Loaded 100 instances
ImageData(image_id='11IE4DKTR_11556-9586-12068-10098', image=RGBNImage, mask=OneHotMask)


# Build model with SegmentationModels.Pytorch

In [12]:
from segmentation_models_pytorch.metrics import iou_score, get_stats
import segmentation_models_pytorch as smp

In [13]:
model = smp.Unet(
    encoder_name="resnet50",
    encoder_weights=None,
    in_channels=4, # RGBN
    classes=9,
    decoder_attention_type="scse"
)

In [14]:
def combined_loss(pred, target):
    return ce_loss(pred, target) + dice_loss(pred, target)

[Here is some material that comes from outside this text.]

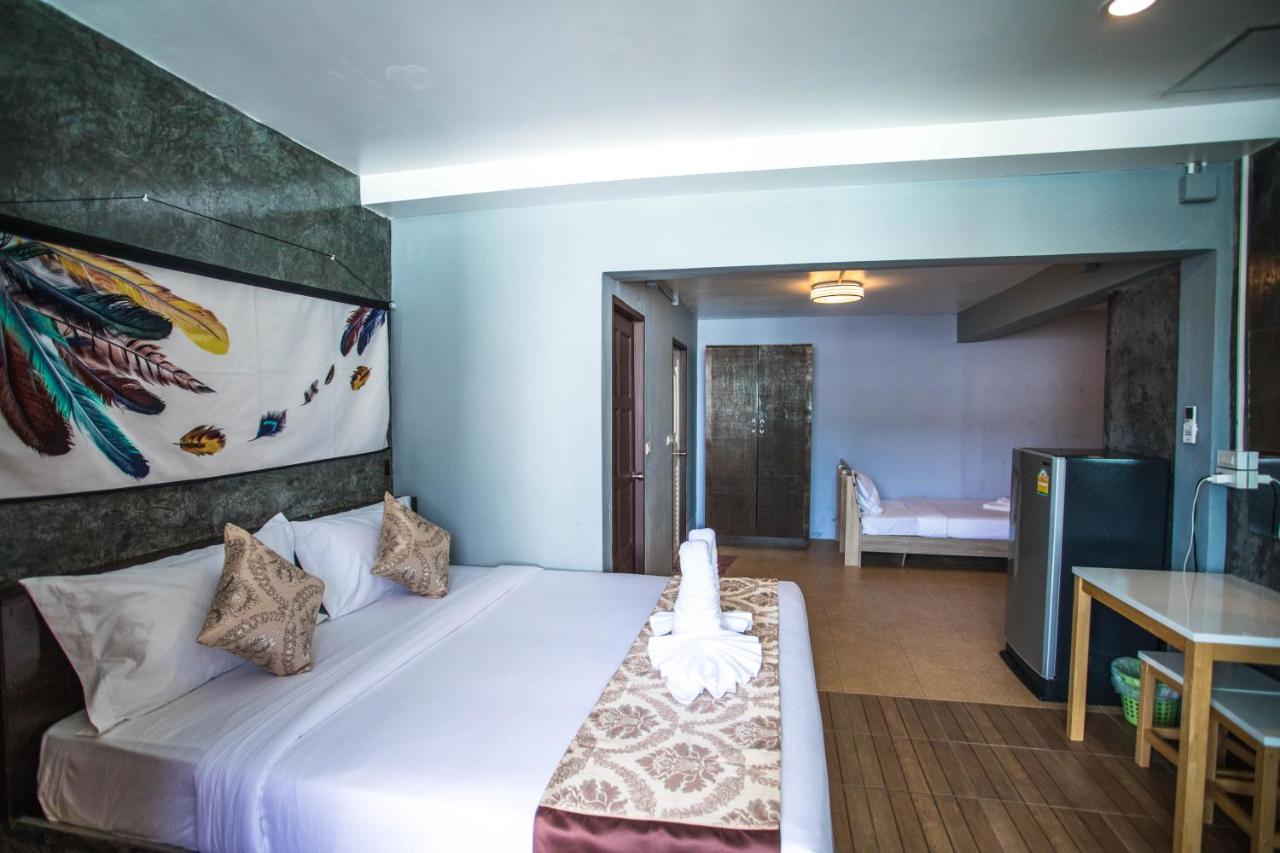 Patong Happy 99 Guest House מראה חיצוני תמונה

dice_loss = smp.losses.DiceLoss(mode='multiclass')
ce_loss = torch.nn.CrossEntropyLoss()

# Create DataLoader

In [15]:
from torch.utils.data import DataLoader

train_dataset = TrainDataset(image_ids=IMAGE_IDS)

# TODO parse val and test
val_dataset = train_dataset
test_dataset = train_dataset

train_loader = DataLoader(train_dataset, batch_size=4, shuffle=True, num_workers=9)
val_loader = DataLoader(val_dataset, batch_size=4, shuffle=False, num_workers=9)

# Train Model

In [16]:
def calculate_metrics(outputs, masks, num_classes=9):
    preds = torch.argmax(outputs, dim=1)
    tp, fp, fn, tn = get_stats(preds, masks, mode='multiclass', num_classes=num_classes)
    iou = iou_score(tp, fp, fn, tn, reduction='micro')
    dice = (2 * tp.sum()) / (2 * tp.sum() + fp.sum() + fn.sum())
    return dice.item(), iou.item()

In [17]:
def train_one_epoch(model, loader, optimizer, scaler=None):
    model.train()
    total_loss = 0
    
    for imgs, masks in loader:
        imgs, masks = imgs.to(device), masks.to(device)
        optimizer.zero_grad()
        
        if scaler:
            with autocast(device_type):
                outputs = model(imgs)
                loss = combined_loss(outputs, masks)
            scaler.scale(loss).backward()
            scaler.step(optimizer)
            scaler.update()
        else:
            outputs = model(imgs)
            loss = combined_loss(outputs, masks)
            loss.backward()
            optimizer.step()
        
        total_loss += loss.item() * imgs.size(0)
    
    return total_loss / len(loader.dataset)


def validate_one_epoch(model, loader, num_classes=9):
    model.eval()
    total_loss = 0
    total_dice = 0
    total_iou = 0
    
    with torch.no_grad():
        for imgs, masks in loader:
            imgs, masks = imgs.to(device), masks.to(device)
            outputs = model(imgs)
            loss = combined_loss(outputs, masks)
            
            total_loss += loss.item() * imgs.size(0)
            
            dice, iou = calculate_metrics(outputs, masks, num_classes=num_classes)
            total_dice += dice * imgs.size(0)
            total_iou += iou * imgs.size(0)
    
    dataset_size = len(loader.dataset)
    return (total_loss / dataset_size,
            total_dice / dataset_size,
            total_iou / dataset_size)

In [18]:
from torch.amp import GradScaler, autocast
from torch import nn
import torch

device_type = 'cuda' if torch.cuda.is_available() else 'cpu'
device = torch.device(device_type)

model = model.to(device)
optimizer = torch.optim.AdamW(model.parameters(), lr=1e-4, weight_decay=1e-5)
scaler = GradScaler(device_type) if device_type == 'cuda' else None

print(f"Using device: {device_type}")

Using device: cpu


In [19]:
epochs = 0

for epoch in range(epochs):
    train_loss = train_one_epoch(model, train_loader, optimizer, scaler)
    val_loss, val_dice, val_iou = validate_one_epoch(model, val_loader, num_classes=9)
    
    print(f"Epoch [{epoch+1}/{epochs}] "
          f"| Train Loss: {train_loss:.4f} "
          f"| Val Loss: {val_loss:.4f} "
          f"| Dice: {val_dice:.4f} "
          f"| IoU: {val_iou:.4f}")
    
    torch.save(model.state_dict(), f"unet_epoch_{epoch+1}.pth")